Camera Tubes

Some video cameras use a form of electron tube that converts visible light into varying electric currents. The two most common types of camera tube are the vidicon and the image orthicon.


Functional diagram of a vidicon
In the vidicon, a lens focuses the incoming image onto a photoconductive screen. An electron gun generates a beam that sweeps across the screen as a result of the effects of deflecting coils, in a manner similar to the operation of an electromagnetic CRT. The sweep in the vidicon is synchronized with any CRT that displays the image.
As the electron beam scans the photoconductive surface, the screen becomes charged. The rate of discharge in a certain region on the screen depends on the intensity of the visible light striking that region. A simplified cutaway view of a vidicon tube is shown in above figure .
The main advantage of the vidicon is its small physical size and mass. A vidicon is sensitive, but its response can be sluggish when the level of illumination is low. This causes images to persist for a short while, resulting in poor portrayal of fast-motion scenes.

Image Orthicon

Functional diagram of an image orthicon
Another type of camera tube, also quite sensitive but having a quicker response to image changes, is the image orthicon. It is constructed much like the vidicon, except that there is a target electrode behind the photocathode (above figure). When a single electron from the photocathode strikes the target electrode, multiple secondary electrons are emitted as a result. The image orthicon thus acts as a video signal amplifier, as well as a camera.
A fine beam of electrons, emitted from the electron gun, scans the target electrode. The secondary electrons cause some of this beam to be reflected back toward the electron gun. Areas of the target electrode with the most secondary electron emission produce the greatest return beam intensity, and regions with the least emission produce the lowest return beam intensity. The greatest return beam intensity corresponds to the brightest parts of the video image. The return beam is modulated as it scans the target electrode and is picked up by a receptor electrode.
One significant disadvantage of the image orthicon is that it produces considerable noise in addition to the signal output. But when a fast response is needed and the illumination ranges from dim to very bright, the image orthicon is the camera tube of choice.
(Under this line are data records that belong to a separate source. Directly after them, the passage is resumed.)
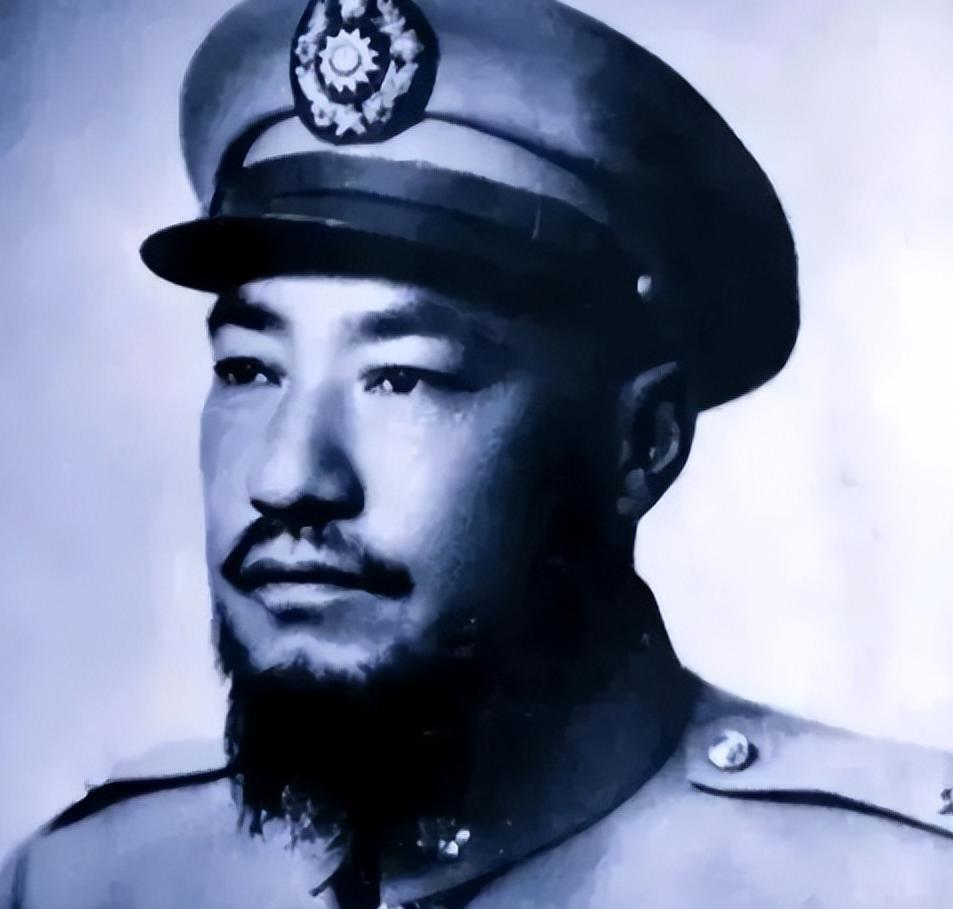 1958年，青海“土皇帝”马步芳偷偷在亲侄女喝的水里下了药，扒光她的衣服后，迫不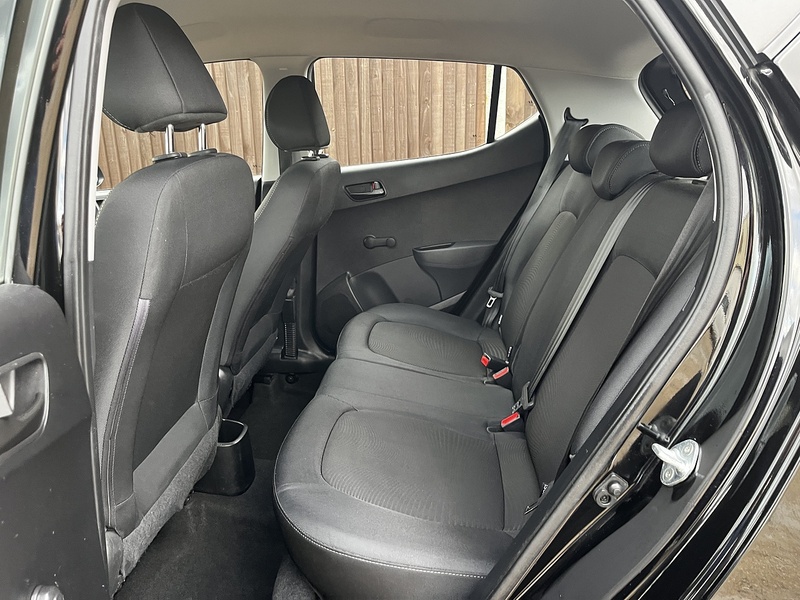 Hyundai i10 S - U228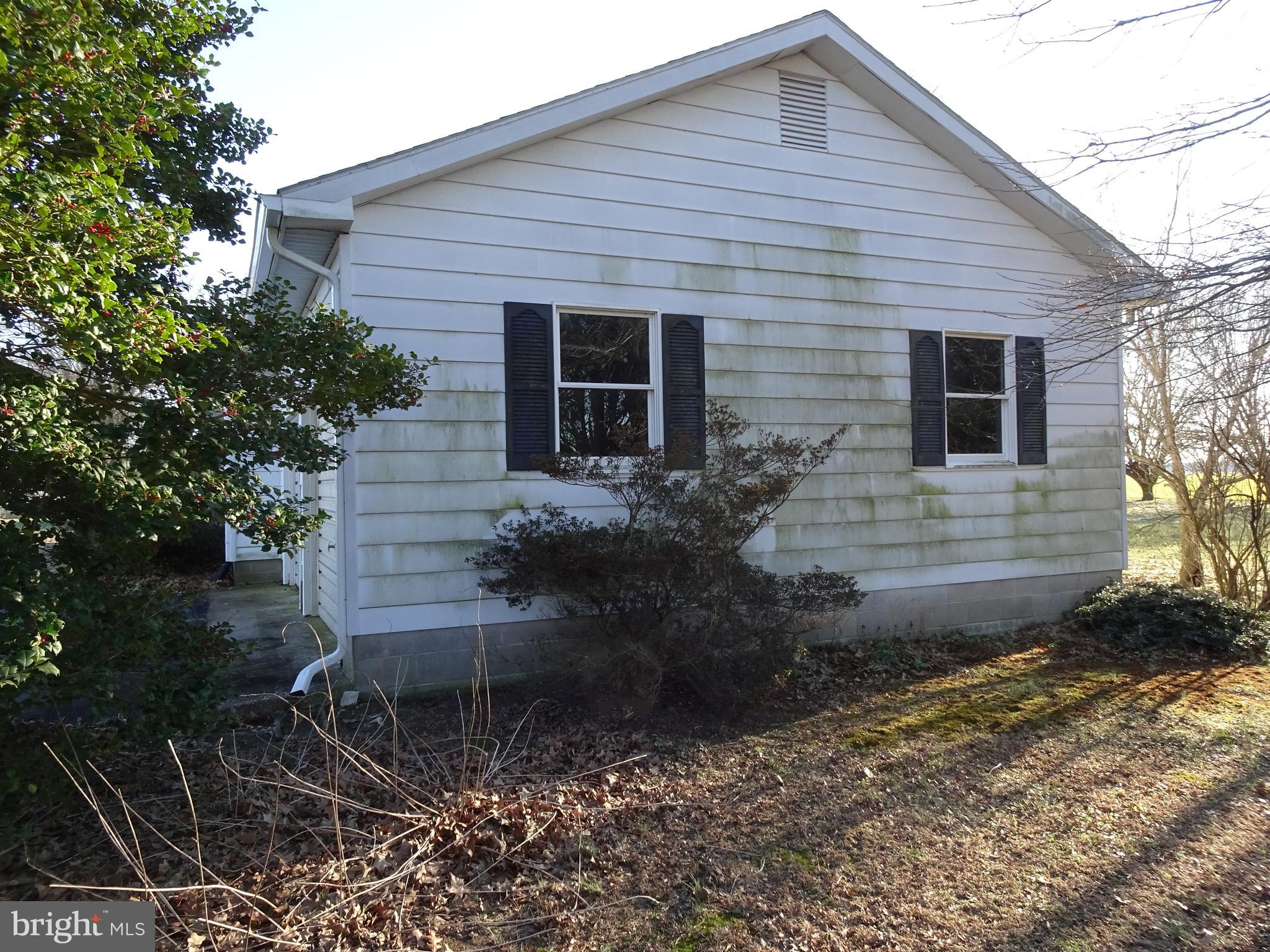 12672 Oakland Road Ridgely, MD 21660 - Photo 35 of 38 Right side of garage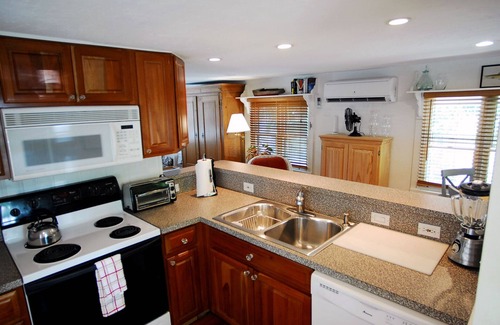 Victoria Park Cabaña | Fort Lauderdale Cottage en su propio lote en Victoria Park, cerca de Las Olas y la playa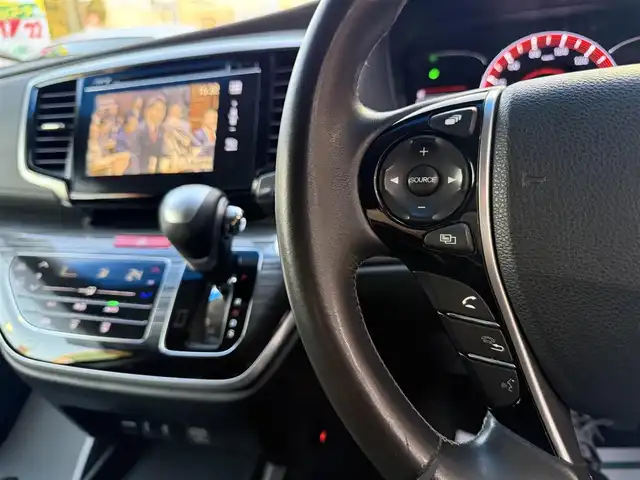 ホンダ オデッセイ アブソルート 香川県 2014(平26)年 11.7万km クリスタルブラックパール メーカーナビ/フルセグ/【CD/DVD/Bluetooth】/バックカメラ/クルーズコントロール/パワースライドドア/純正18インチアルミ/LEDヘッドライト/スマートキー/ビルトインETC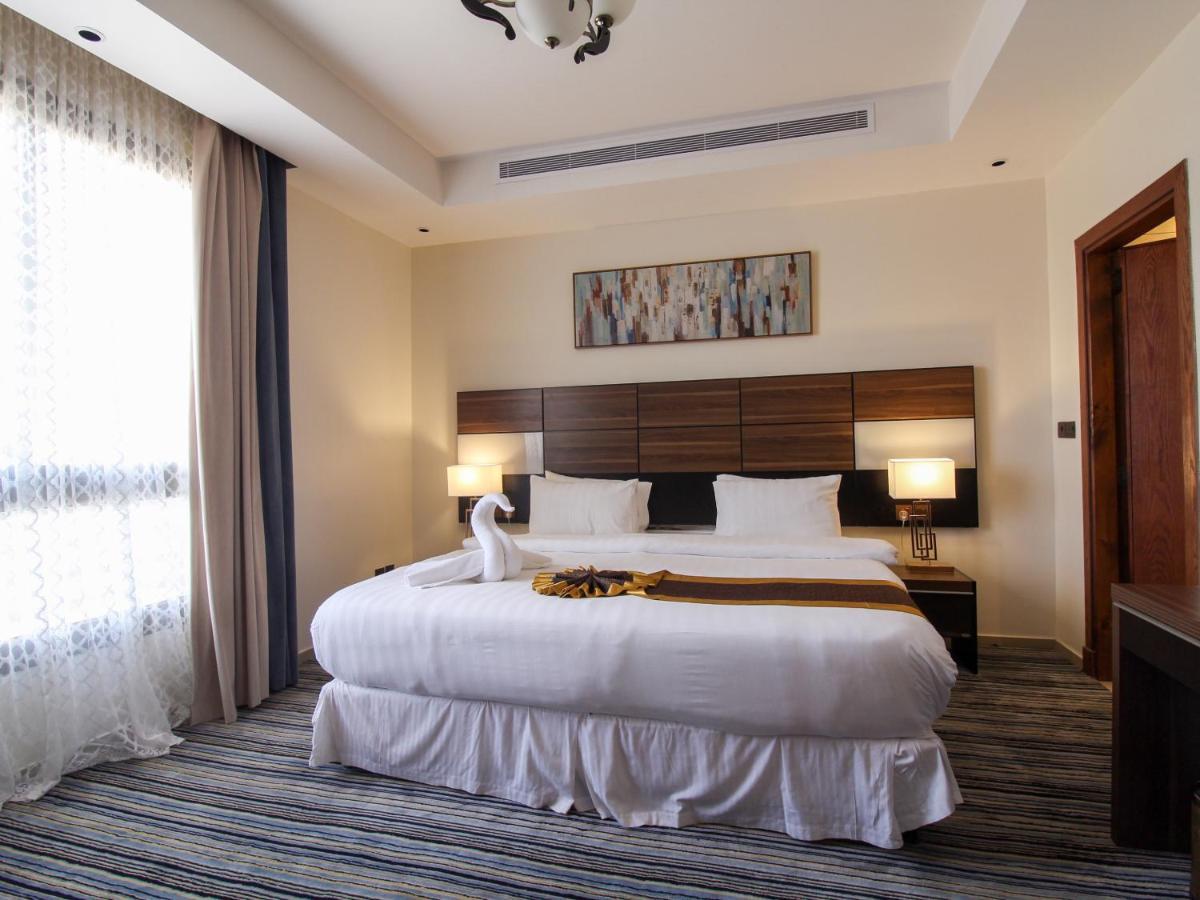 Friesian Hotel Suites Jeddah Ngoại thất bức ảnh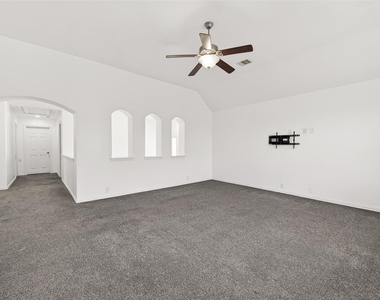5519 Jay Thrush Drive - Photo Thumbnail 33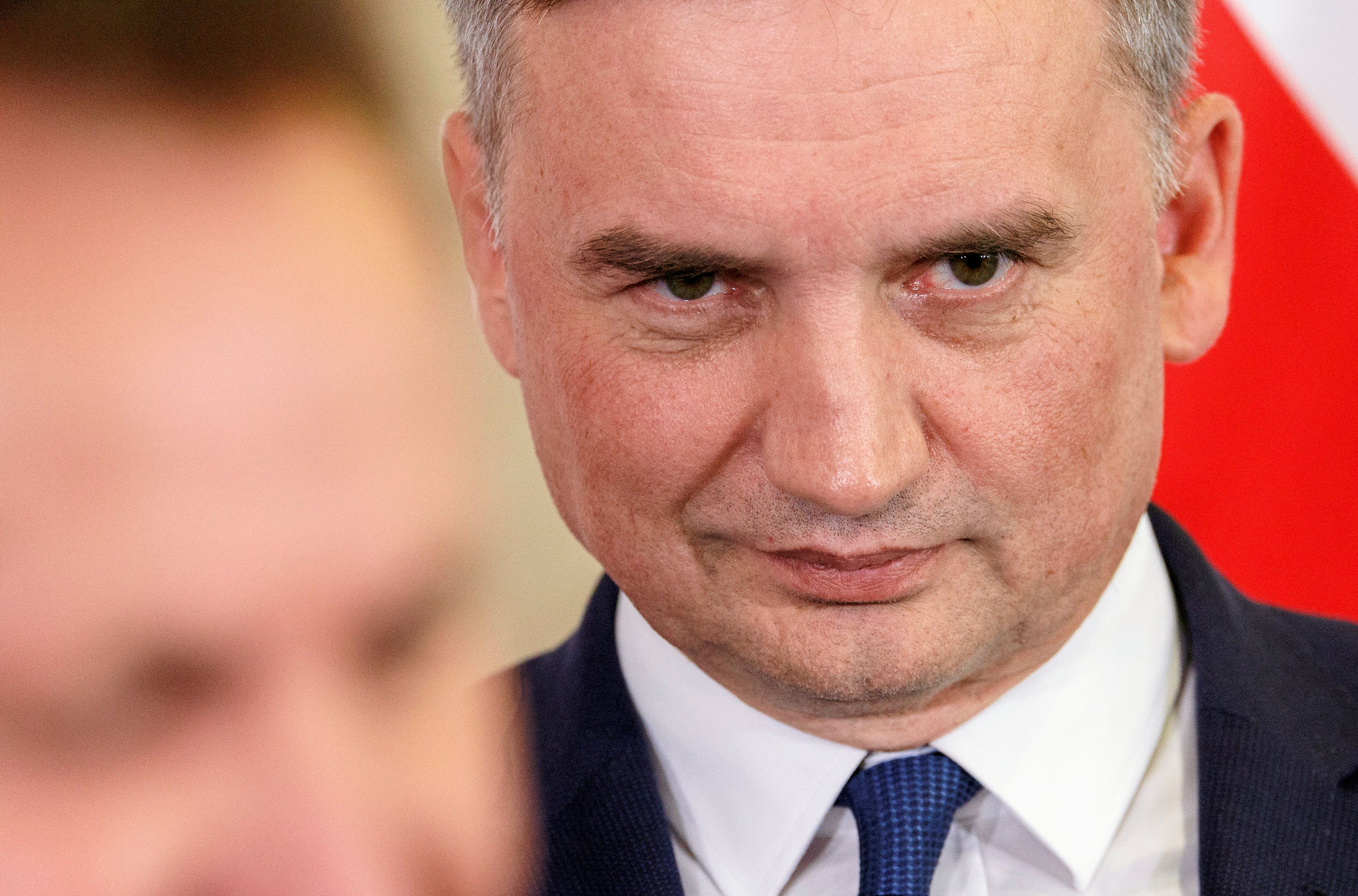 Ziobro patrzący spode łba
A photomultiplier is a vacuum tube that generates a variable current depending on the intensity of the light that strikes it. It multiplies its own output, thereby obtaining high sensitivity. Photomultipliers can be used to measure light intensity at low levels.
The photomultiplier consists of a photocathode, which emits electrons in proportion to the intensity of the light striking it. These electrons are focused into a beam, and this beam strikes an electrode called a dynode. The dynode emits several secondary electrons for each electron that strikes it.
The resulting beam is collected by the anode. A photomultiplier can have several dynodes, resulting in high gain. The extent to which the sensitivity can be increased by cascading dynodes is limited by the amount of background electron emission or dark noise from the photocathode.


A dissector, also known as an image dissector, is a form of photomultiplier in which the light is focused by a lens onto a translucent photocathode. This surface emits electrons in proportion to the light intensity. The electrons from the photocathode are directed to a barrier containing a small aperture. The vertical and horizontal deflection plates, supplied with synchronized scanning voltages, move the beam from the photocathode across the aperture. The electron stream passing through the aperture is modulated depending on the light and dark nature of the image.
The image resolution of the dissector tube depends on the size of the aperture. The smaller the aperture, the sharper the image, down to a certain limiting point. However, there is a limit to how small the aperture can be, while still allowing enough electrons to pass, and avoiding the generation of interference patterns. The image dissector tube produces very little dark noise, and this allows for excellent sensitivity.